TASK OBJECTIVE: Transcribe every entry that follows, word for word, and omit the images.

DATA PROVIDED:
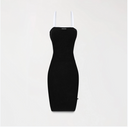 Monastery novak knitted dress women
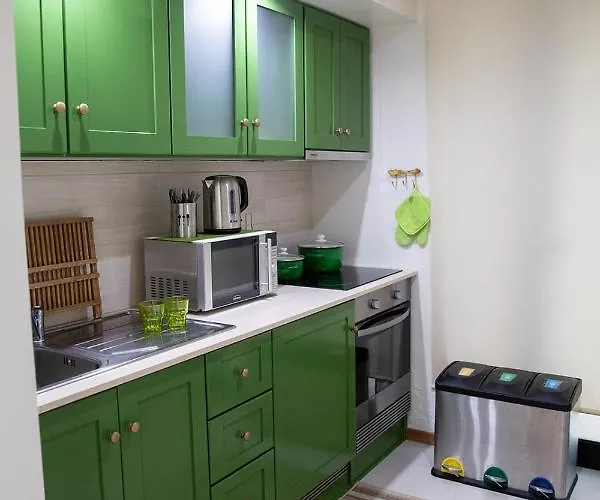 Quinta Da Queiro * Sete Cidades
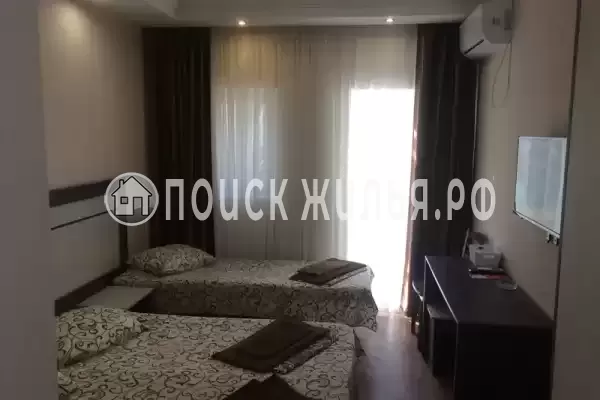 Гостевой дом «Сахара» Гостевой дом «Сахара»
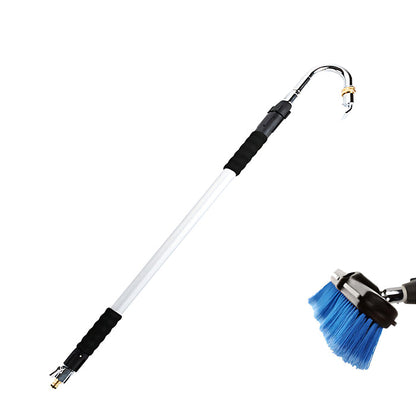 Aussie Renovations™ Telescopic Gutter Cleaner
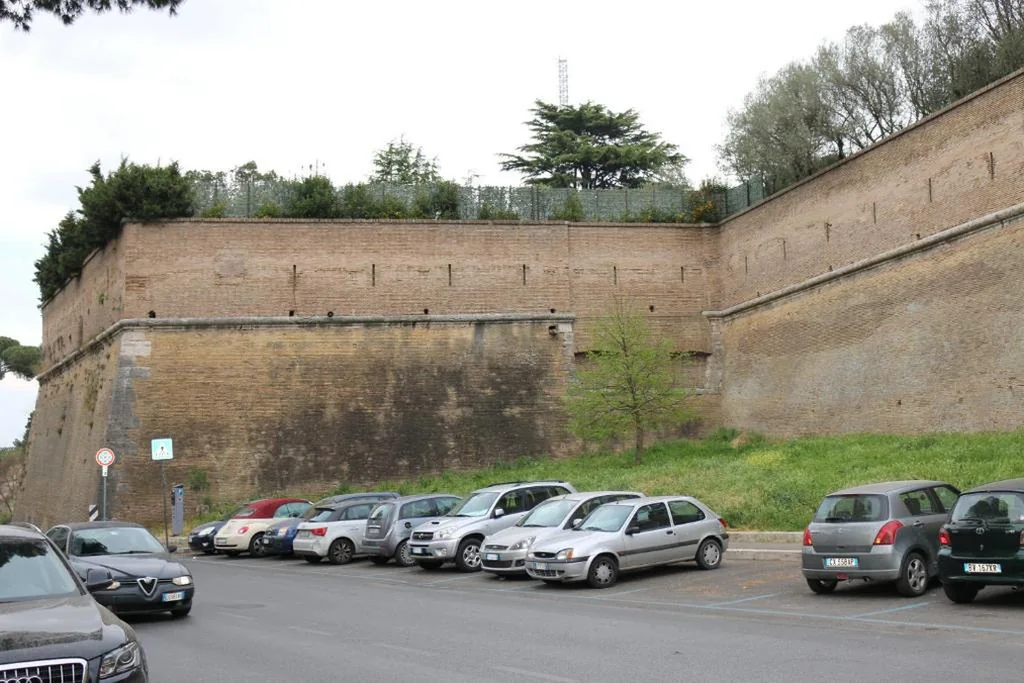 Le Fontane di Roma — foto 8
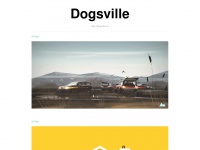 Dogsvillestuff.tumblr.com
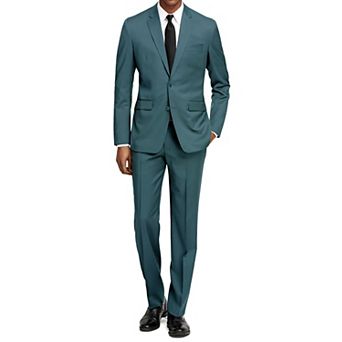 Men's 2 pc Slim Fit Suit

TASK RESPONSE:
 Monastery novak knitted dress women
 Quinta Da Queiro * Sete Cidades
 Гостевой дом «Сахара» Гостевой дом «Сахара»
 Aussie Renovations™ Telescopic Gutter Cleaner
 Le Fontane di Roma — foto 8
 Dogsvillestuff.tumblr.com
 Men's 2 pc Slim Fit Suit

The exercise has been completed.